* Work to complete *
The whole listing below needs to be duplicated exactly, pictures aside.
BEGIN Given material
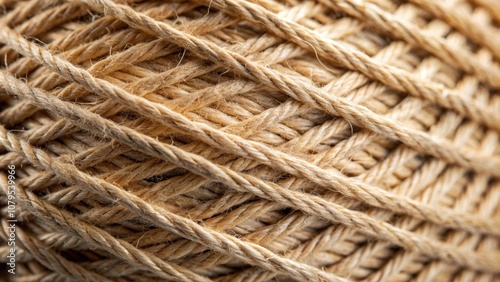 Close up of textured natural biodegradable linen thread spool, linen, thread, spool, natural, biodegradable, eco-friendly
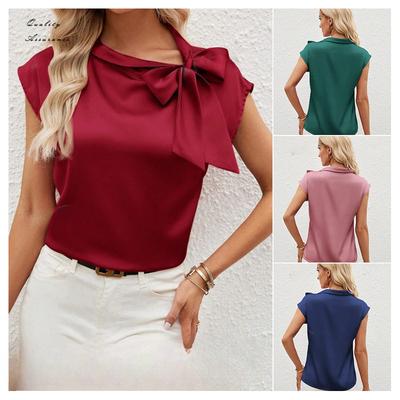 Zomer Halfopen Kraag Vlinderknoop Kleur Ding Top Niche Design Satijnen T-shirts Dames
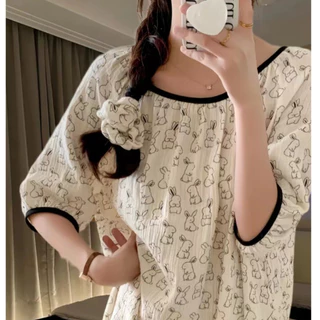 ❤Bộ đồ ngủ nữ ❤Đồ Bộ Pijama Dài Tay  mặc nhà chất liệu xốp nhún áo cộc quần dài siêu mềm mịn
END Given material
* Exercise response *
 Close up of textured natural biodegradable linen thread spool, linen, thread, spool, natural, biodegradable, eco-friendly
 Zomer Halfopen Kraag Vlinderknoop Kleur Ding Top Niche Design Satijnen T-shirts Dames
 ❤Bộ đồ ngủ nữ ❤Đồ Bộ Pijama Dài Tay  mặc nhà chất liệu xốp nhún áo cộc quần dài siêu mềm mịn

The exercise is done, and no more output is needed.